EXERCISE DIRECTIONS: The records that follow must be repeated exactly, minus the images.

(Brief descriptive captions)
○ ○ ○ ○

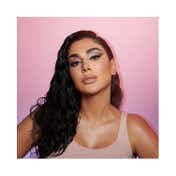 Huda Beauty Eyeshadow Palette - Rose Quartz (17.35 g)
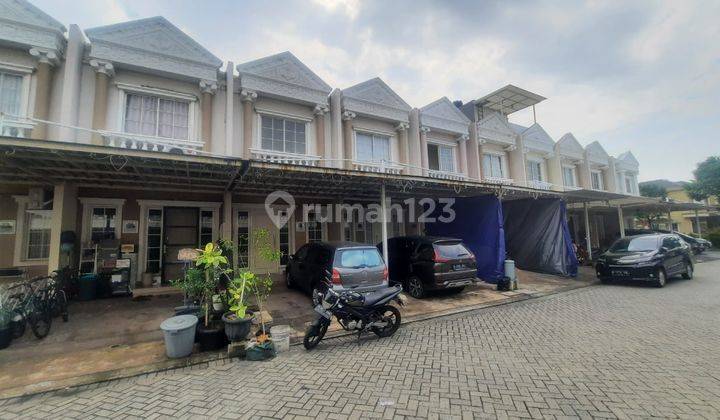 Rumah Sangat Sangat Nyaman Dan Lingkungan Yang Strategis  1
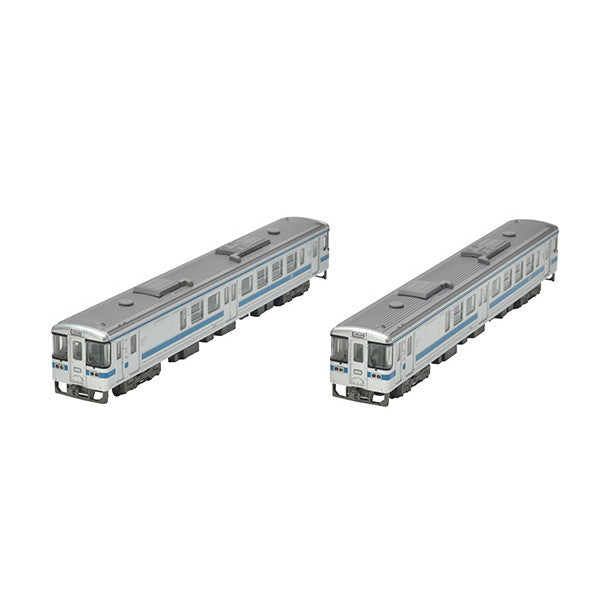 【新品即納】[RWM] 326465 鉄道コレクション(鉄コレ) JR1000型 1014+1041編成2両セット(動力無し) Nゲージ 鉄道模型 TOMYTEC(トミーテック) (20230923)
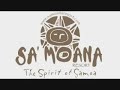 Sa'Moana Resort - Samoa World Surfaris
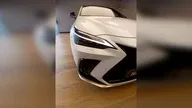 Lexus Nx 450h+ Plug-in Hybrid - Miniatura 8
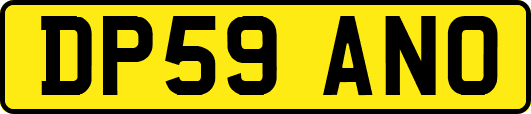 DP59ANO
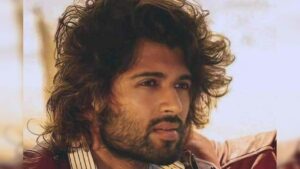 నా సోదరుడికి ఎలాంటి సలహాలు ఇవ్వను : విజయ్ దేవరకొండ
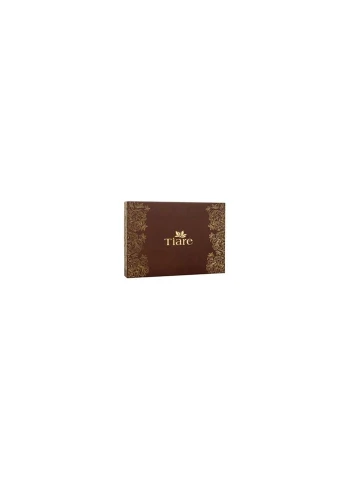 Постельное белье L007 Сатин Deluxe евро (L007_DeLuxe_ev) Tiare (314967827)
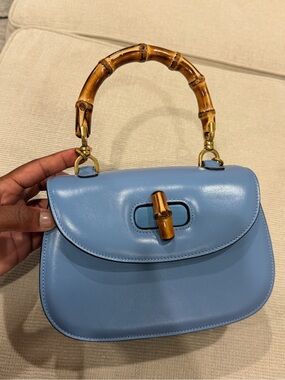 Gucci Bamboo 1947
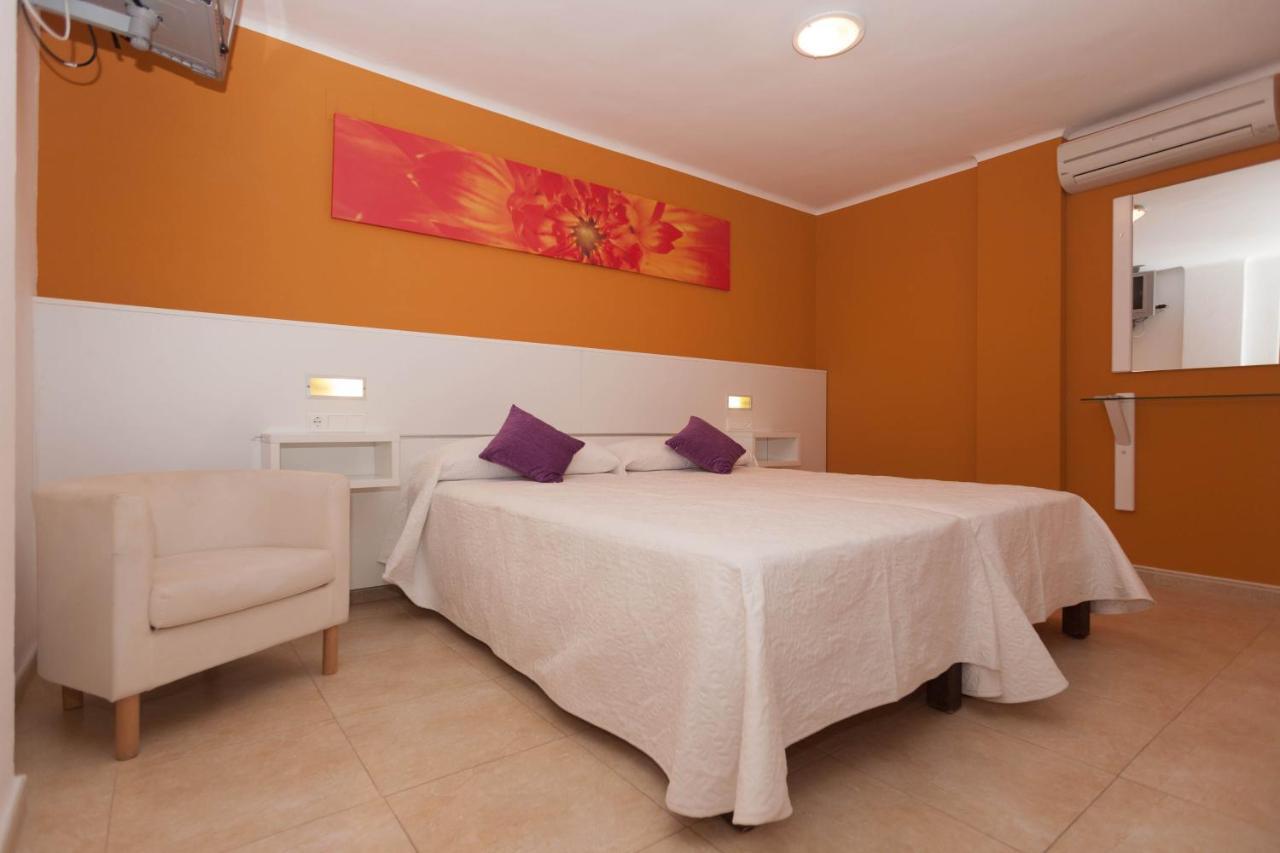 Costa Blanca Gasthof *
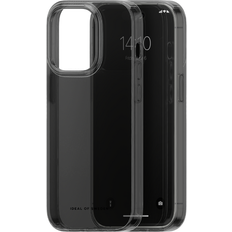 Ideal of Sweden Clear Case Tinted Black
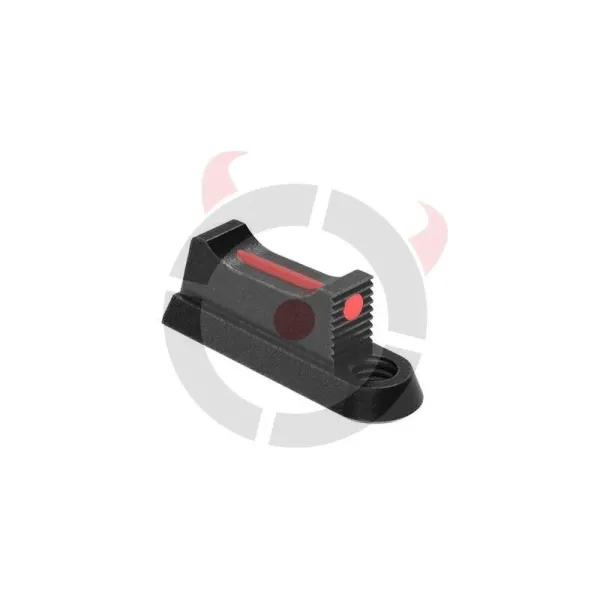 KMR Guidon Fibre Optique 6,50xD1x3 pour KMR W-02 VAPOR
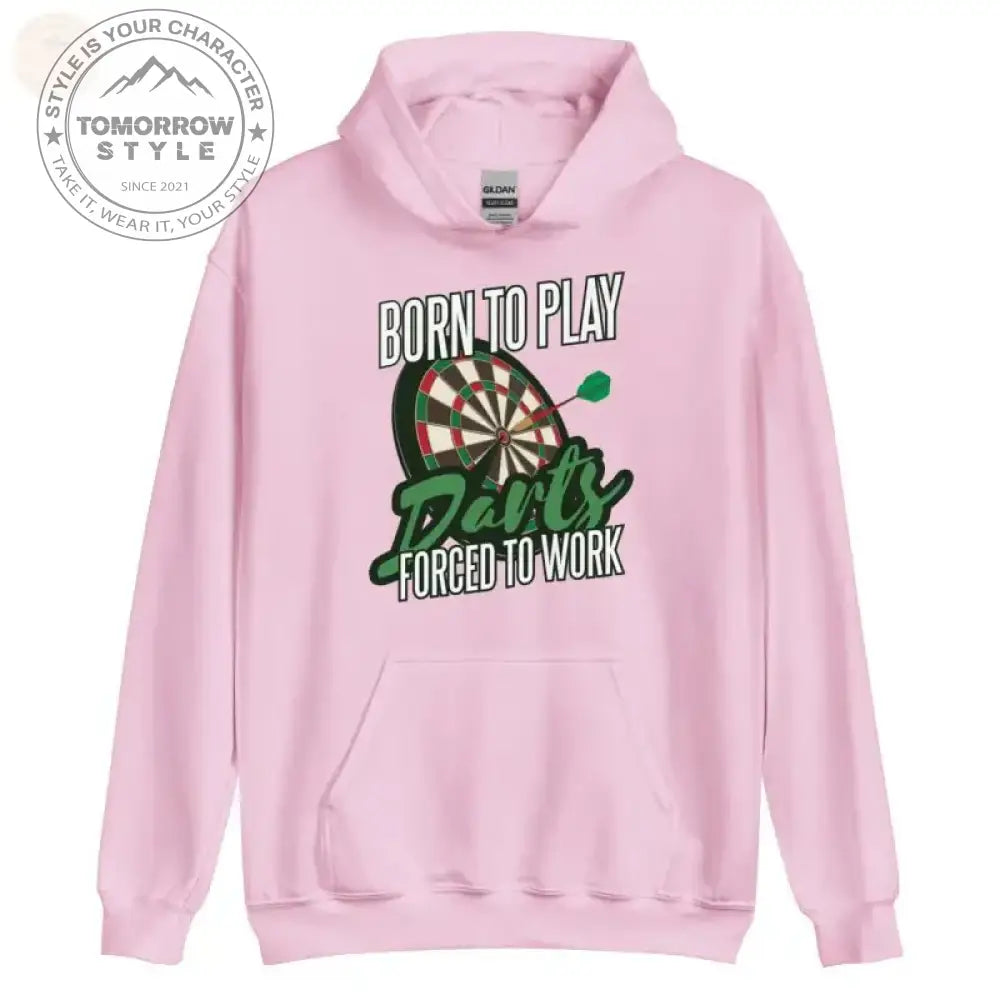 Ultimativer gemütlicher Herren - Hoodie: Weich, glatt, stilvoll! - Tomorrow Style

○ ○ ○ ○

ANSWER TO THIS PROBLEM:
 Huda Beauty Eyeshadow Palette - Rose Quartz (17.35 g)
 Rumah Sangat Sangat Nyaman Dan Lingkungan Yang Strategis  1
 【新品即納】[RWM] 326465 鉄道コレクション(鉄コレ) JR1000型 1014+1041編成2両セット(動力無し) Nゲージ 鉄道模型 TOMYTEC(トミーテック) (20230923)
 Sa'Moana Resort - Samoa World Surfaris
 Lexus Nx 450h+ Plug-in Hybrid - Miniatura 8
 DP59ANO
 నా సోదరుడికి ఎలాంటి సలహాలు ఇవ్వను : విజయ్ దేవరకొండ
 Постельное белье L007 Сатин Deluxe евро (L007_DeLuxe_ev) Tiare (314967827)
 Gucci Bamboo 1947
 Costa Blanca Gasthof *
 Ideal of Sweden Clear Case Tinted Black
 KMR Guidon Fibre Optique 6,50xD1x3 pour KMR W-02 VAPOR
 Ultimativer gemütlicher Herren - Hoodie: Weich, glatt, stilvoll! - Tomorrow Style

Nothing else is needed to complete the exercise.